Dataset records Start Marker

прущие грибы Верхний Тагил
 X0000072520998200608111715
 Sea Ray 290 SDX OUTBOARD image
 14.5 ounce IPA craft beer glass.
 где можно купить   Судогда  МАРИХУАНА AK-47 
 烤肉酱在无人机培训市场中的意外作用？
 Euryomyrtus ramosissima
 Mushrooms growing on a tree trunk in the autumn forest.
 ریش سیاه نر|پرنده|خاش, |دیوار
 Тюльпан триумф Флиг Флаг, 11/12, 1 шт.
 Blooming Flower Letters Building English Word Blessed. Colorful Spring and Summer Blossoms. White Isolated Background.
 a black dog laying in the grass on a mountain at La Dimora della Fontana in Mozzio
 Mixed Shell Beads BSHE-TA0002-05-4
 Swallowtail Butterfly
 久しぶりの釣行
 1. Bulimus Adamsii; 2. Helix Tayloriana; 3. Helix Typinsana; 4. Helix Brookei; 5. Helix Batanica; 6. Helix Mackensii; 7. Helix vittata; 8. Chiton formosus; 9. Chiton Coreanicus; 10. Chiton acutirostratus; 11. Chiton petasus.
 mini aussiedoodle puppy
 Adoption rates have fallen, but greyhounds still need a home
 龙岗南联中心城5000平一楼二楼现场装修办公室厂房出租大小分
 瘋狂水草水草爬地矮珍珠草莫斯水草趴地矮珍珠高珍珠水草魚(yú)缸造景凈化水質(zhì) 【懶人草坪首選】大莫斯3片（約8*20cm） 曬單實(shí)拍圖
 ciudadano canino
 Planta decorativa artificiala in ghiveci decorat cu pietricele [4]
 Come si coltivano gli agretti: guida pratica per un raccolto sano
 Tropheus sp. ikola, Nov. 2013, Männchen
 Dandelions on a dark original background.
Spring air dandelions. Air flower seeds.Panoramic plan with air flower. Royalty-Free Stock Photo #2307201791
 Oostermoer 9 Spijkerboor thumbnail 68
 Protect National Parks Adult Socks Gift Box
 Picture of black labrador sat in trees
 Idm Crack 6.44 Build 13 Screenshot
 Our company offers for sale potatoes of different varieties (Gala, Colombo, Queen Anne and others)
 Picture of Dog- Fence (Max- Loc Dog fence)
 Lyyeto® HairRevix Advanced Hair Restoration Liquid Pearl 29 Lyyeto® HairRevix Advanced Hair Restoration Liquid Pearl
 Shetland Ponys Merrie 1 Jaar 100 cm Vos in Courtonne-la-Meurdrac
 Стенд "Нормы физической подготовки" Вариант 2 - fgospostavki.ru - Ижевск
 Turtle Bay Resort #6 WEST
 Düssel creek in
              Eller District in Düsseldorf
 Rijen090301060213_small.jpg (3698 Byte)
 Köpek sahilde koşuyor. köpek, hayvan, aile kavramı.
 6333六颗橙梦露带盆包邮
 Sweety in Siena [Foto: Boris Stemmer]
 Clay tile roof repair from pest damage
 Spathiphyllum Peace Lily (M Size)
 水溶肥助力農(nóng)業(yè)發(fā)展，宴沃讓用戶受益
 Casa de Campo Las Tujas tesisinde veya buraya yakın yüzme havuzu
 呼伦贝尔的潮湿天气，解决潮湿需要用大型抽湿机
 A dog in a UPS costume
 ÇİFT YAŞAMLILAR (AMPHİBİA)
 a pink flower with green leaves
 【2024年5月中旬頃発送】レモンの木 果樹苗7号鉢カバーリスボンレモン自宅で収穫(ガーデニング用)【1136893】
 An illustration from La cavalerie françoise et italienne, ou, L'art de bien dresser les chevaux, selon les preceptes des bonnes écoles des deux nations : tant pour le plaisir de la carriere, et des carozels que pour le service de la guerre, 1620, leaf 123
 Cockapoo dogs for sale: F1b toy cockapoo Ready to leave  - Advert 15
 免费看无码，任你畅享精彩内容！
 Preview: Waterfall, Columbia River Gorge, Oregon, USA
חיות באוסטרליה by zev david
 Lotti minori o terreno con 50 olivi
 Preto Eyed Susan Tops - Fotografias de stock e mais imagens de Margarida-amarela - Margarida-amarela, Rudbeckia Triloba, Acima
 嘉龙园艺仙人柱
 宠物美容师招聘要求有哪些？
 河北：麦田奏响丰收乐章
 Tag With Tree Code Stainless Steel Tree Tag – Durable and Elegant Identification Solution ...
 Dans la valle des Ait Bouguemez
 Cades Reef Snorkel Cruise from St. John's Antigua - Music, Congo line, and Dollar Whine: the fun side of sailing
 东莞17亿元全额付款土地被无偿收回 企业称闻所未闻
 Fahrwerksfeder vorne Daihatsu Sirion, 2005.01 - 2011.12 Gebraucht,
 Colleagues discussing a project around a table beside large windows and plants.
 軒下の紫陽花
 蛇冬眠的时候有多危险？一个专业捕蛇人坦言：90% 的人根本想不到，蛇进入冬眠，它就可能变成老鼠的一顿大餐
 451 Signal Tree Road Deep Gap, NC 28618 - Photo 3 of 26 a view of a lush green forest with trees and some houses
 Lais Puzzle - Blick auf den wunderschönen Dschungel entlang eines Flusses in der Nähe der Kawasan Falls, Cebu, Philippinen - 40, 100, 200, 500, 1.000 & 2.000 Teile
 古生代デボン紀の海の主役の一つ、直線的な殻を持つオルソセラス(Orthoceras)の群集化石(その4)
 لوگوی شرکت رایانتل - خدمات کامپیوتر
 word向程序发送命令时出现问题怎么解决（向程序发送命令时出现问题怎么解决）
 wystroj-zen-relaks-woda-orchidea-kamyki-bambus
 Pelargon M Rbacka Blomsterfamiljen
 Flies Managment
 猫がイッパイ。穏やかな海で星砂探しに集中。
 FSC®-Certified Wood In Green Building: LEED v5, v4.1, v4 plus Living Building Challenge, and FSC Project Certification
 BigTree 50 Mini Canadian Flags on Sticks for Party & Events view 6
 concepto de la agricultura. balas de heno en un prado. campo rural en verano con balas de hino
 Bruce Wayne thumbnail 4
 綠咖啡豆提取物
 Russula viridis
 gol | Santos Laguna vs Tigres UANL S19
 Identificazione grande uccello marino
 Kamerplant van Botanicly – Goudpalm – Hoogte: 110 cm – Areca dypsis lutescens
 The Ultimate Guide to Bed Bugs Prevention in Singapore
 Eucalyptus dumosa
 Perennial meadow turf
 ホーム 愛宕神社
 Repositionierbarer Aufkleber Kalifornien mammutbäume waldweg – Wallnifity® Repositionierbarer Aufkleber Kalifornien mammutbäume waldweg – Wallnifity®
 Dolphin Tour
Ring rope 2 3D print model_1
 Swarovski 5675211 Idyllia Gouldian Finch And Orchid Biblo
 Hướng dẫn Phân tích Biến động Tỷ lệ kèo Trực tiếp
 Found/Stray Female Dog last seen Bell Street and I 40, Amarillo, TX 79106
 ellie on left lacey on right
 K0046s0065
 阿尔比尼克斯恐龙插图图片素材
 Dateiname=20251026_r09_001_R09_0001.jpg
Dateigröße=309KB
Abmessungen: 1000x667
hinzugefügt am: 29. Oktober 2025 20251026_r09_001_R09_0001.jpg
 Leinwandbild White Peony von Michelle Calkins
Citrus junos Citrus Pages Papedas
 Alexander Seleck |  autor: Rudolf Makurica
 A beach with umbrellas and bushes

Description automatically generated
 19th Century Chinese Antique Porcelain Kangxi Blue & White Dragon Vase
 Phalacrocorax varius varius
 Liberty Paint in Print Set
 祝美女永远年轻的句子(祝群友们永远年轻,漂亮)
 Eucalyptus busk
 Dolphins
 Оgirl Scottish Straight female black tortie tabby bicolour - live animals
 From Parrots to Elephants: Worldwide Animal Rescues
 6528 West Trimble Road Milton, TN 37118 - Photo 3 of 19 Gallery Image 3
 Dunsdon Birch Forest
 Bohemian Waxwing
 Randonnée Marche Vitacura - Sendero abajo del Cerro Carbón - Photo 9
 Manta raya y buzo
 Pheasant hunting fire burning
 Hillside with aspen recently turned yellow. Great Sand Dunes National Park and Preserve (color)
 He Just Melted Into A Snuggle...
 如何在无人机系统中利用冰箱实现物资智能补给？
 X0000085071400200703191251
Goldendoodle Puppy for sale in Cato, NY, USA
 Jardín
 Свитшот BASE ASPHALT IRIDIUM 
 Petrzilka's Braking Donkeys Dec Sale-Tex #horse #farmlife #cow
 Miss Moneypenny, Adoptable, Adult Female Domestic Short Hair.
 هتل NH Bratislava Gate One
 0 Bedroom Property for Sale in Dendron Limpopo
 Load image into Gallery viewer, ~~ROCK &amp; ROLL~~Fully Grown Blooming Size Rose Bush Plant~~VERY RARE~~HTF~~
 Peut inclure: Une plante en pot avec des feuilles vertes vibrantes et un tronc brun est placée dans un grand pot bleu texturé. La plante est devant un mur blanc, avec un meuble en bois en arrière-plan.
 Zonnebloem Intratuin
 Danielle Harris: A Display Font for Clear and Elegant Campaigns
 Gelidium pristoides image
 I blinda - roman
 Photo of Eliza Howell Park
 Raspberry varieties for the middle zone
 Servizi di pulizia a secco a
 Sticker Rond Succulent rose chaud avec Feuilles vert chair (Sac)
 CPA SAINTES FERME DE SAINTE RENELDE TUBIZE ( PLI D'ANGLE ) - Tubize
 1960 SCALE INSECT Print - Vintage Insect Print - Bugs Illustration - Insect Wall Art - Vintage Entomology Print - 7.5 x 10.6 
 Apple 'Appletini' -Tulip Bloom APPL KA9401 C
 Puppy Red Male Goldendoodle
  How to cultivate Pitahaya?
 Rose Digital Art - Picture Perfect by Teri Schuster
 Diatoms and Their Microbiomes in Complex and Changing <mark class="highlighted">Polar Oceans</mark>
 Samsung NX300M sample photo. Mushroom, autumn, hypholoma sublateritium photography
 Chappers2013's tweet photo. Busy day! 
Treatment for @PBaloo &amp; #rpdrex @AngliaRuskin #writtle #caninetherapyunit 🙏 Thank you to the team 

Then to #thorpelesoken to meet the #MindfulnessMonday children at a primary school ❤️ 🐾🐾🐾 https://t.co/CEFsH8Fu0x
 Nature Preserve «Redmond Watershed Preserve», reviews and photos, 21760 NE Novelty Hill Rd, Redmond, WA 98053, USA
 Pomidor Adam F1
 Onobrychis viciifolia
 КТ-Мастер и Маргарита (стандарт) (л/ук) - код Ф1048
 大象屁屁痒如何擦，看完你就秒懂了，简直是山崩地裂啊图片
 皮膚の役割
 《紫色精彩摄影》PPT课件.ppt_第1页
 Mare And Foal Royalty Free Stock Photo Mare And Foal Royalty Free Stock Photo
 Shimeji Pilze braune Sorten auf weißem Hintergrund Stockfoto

Dataset records End Marker

**What this task involves:** Your job is to return all lines above that hold the word "Royalty".

**Solution to this problem:**
Spring air dandelions. Air flower seeds.Panoramic plan with air flower. Royalty-Free Stock Photo #2307201791
 Mare And Foal Royalty Free Stock Photo Mare And Foal Royalty Free Stock Photo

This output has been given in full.